L'affermazione non dovrebbe indispettire né cogliere di sorpresa chiunque si sia trovato a leggere almeno una volta - e a condividere - quella sua stra-famosa frase che recita: "Di sicuro, ci sarà sempre chi guarderà solo la tecnica e si chiederà 'come', mentre altri di natura più curiosa si chiederanno 'perché' ".
Il 'perché' di Man Ray, infatti, ha davvero poco a che fare con il concetto di fotografia comunemente inteso, a partire proprio dall'assoluta marginalità di quel 'come'. Lungi dall'essere un venerato mezzo tecnologico al servizio di una riproduzione esatta della realtà, la macchina fotografica per Man Ray non era altro che un pennello ausiliario, da sostituire a quello propriamente detto nel momento in cui ciò che c'era da rappresentare esulasse dall'ambito tutto 'materico' della pittura e della tela.
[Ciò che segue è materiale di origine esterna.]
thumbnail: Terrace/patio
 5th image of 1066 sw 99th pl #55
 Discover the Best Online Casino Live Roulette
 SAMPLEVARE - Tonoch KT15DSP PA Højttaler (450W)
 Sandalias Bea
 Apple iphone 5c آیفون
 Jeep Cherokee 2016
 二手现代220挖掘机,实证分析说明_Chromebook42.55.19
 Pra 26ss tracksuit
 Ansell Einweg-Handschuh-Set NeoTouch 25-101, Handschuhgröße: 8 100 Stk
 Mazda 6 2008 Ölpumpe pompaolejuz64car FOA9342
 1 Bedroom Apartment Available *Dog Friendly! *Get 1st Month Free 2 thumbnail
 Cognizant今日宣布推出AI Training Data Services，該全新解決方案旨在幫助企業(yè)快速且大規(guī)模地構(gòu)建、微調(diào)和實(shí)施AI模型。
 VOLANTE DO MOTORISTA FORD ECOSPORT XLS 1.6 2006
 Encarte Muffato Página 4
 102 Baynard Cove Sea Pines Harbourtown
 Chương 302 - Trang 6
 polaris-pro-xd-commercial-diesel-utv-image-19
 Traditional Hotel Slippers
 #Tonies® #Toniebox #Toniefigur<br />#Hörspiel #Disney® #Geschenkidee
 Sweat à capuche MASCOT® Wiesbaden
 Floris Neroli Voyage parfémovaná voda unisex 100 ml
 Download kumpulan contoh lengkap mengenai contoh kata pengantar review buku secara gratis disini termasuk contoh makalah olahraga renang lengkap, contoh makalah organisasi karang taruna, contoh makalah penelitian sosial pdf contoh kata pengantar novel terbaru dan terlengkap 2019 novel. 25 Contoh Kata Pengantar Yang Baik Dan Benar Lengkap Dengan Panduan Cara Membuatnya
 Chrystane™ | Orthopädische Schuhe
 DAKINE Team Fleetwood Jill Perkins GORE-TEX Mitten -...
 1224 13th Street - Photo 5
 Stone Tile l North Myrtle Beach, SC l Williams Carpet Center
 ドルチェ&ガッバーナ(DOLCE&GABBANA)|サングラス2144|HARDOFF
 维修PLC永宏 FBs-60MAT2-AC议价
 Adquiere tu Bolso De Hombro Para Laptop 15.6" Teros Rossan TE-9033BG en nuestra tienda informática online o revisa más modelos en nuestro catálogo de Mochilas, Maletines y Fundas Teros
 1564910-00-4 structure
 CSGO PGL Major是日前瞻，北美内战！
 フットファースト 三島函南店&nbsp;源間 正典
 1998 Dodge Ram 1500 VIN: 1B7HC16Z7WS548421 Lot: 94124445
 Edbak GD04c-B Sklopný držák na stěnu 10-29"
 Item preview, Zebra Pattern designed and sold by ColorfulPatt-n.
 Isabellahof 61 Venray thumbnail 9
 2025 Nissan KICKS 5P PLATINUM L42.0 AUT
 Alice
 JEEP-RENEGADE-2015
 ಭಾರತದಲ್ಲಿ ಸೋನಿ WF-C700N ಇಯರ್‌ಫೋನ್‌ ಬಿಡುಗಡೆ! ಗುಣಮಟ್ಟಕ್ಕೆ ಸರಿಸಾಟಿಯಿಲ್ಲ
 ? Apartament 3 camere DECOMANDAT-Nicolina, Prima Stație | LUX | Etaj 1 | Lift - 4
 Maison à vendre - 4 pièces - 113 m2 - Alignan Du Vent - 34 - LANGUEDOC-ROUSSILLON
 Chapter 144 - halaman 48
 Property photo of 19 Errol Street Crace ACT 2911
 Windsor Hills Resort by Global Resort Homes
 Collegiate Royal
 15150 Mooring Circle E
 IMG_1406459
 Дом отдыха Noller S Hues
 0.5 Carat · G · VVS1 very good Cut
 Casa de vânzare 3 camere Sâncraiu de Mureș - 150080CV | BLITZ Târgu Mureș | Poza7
Senza caricarlo di particolari velleità artistiche, il mezzo fotografico fu per Man Ray un accessorio, tanto indispensabile quanto non particolarmente stimato. Un certo disprezzo per i mezzi necessari a dar forma ad un'Idea, a suo dire, era necessario a sublimarla, a renderla più pura. Tanto che più volte lo si sentirà sentenziare: "La fotografia non è arte".
L'opera di Man Ray risponde ad un paradosso inevitabile: egli fu più profondamente fotografo di tanti altri pittorialisti del tempo, proprio in forza di questo suo non esserlo.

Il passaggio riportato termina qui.